Bouie’s comments were triggered in reaction to the court’s decision to open the door for unions to be made responsible for financial damages incurred during strikes, as evidenced in Glacier Northwest v. International Brotherhood of Teamsters Local Union No. 174.  The issue involved a strike at a cement operator and the fact that the drivers walked out, as they had promised, but there was wet cement in the hopper.  Other workers were able to get most of the cement out of the truck, and it wasn’t damaged, but still the court held that the company could collect damages.  Only one justice voted against the decision as curtailing section seven rights to strike, and even other nominally liberal judges voted with the majority, perhaps to keep the decision from being worse.  There’s no way to look at any of this as good news, and all of it seeks to undercut the NLRB and its decisions on this and other matters.

`           Jennifer Abruzzo as NLRB general counsel has been a ray of hope in one opinion after another, but now with the court’s action, it could all mean one step forward and two steps back once employer challenges worm their way onto court dockets.  Her path-breaking argument that the very act of an employer holding a captive audience meeting was in and of itself a violation of the Act was spot on.  Captive audiences are employer-run, anti-union harangues where all workers are invited to a meeting that they refuse to attend at their own peril and speak to counter boss tirades at grave risk to their job, the law notwithstanding.  Such quasi-mandatory anti-union meetings have been the silver bullet in the employer’s arsenal during innumerable union elections.    Construction contractor associations have now begun to formally challenge this opinion, trying to kill it in the cradle.
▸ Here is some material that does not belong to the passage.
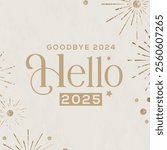 Elegant Goodbye 2024 Hello 2025 typography design with golden elements. New Year celebration post. Perfect for New Year greeting cards, posters, banners, social media posts, and celebration flyers.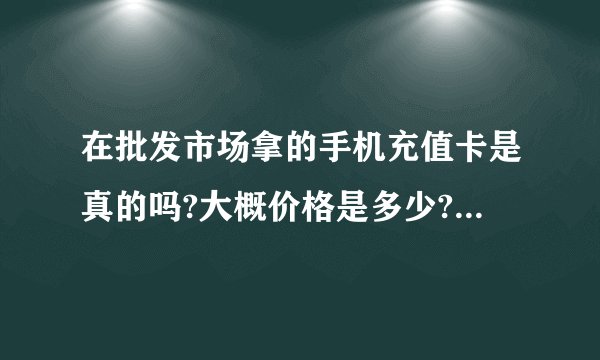 在批发市场拿的手机充值卡是真的吗?大概价格是多少?哪为大侠能告诉我?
With the deep pockets of Amazon, Starbucks, McDonalds, and scores of others, the advice from the NLRB that has also expanded the definitions of co-employers in order to hold primary decision makers with the deepest pockets responsible is also under attack once again.  The Obama board had taken good steps forward, which the Trump board quickly rescinded, so we’re in a situation where this is another shot that could miss the mark before the courts as well.  Add to this the fact that the Supreme Court seems to be undercutting the preemption of federal law under the NLRB’s enforcement of the Act and allowing state courts to sneak into the situation in various cases, and we’re talking about a hot mess that could devolve into an existential crisis for many unions and the workers represented.

Worse given the barrage of attacks against unions that have steadily decimated membership, resources, and, increasingly, even political strength, if as Bouie argues, judges and the courts are no longer a potential backstop, and justice for workers really is just us, then real and terrible trouble is at our doorsteps.